Masked Matrix Multiplication for Emergent Sparsity
Brian Wheatman, Meghana Madhyastha, Randal Burns
TL;DR
MMM addresses the inefficiency of dense GEMMs on transformer-like workloads by exploiting emergent, dual-sided sparsity through runtime masks $M(X)$ and $N(Y)$ and a pattern-driven, code-generated kernel table. The approach uses preprocessing to encode sparsity patterns in $B$ and dynamic code selection to skip zero blocks in $A$, maintaining vectorization with AVX2/AVX-512 and single-pass parallelism. Empirical results show up to 2x speedups and up to 4x fewer instructions over MKL across a wide sparsity range (60–95% zeros), with additional gains on mid-sized matrices and multi-core servers; performance depends on matrix size, sparsity distribution, and architecture. The work demonstrates a practical path to reduce cost, power, and time for sparsity-enabled AI workloads on CPUs and outlines clear directions for GPU extension and broader optimization.
Abstract
Artificial intelligence workloads, especially transformer models, exhibit emergent sparsity in which computations perform selective sparse access to dense data. The workloads are inefficient on hardware designed for dense computations and do not map well onto sparse data representations. We build a vectorized and parallel matrix-multiplication system A X B = C that eliminates unnecessary computations and avoids branches based on a runtime evaluation of sparsity.
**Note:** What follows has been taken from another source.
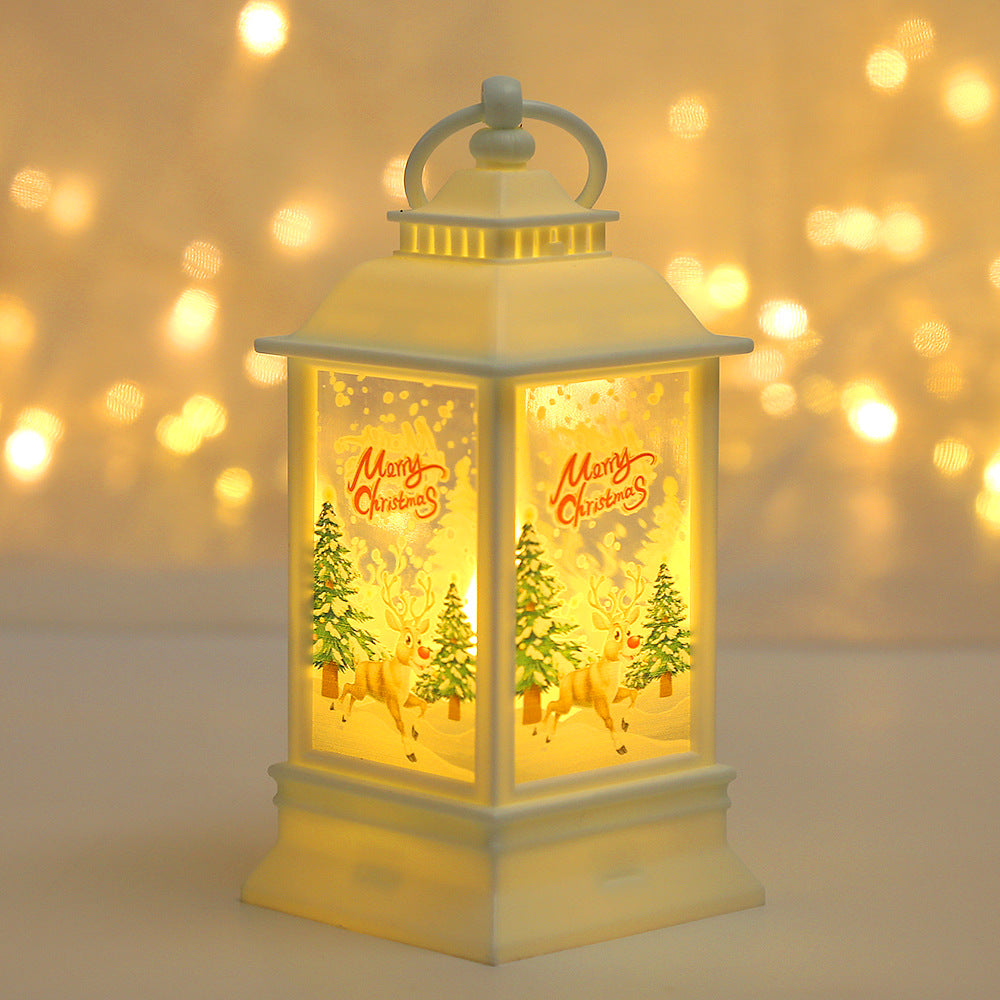 Lit Christmas pendant measuring 2.4 inches across and 5.3 inches tall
We use a combination of dynamic code lookup to adapt to the specific sparsity encoded in the B matrix and preprocessing of sparsity maps of the A and B matrices to compute conditional branches once for the whole computation. For a wide range of sparsity, from 60% to 95% zeros, our implementation performs fewer instructions and increases performance when compared with Intel MKL's dense or sparse matrix multiply routines. Benefits can be as large as 2 times speedup and 4 times fewer instructions.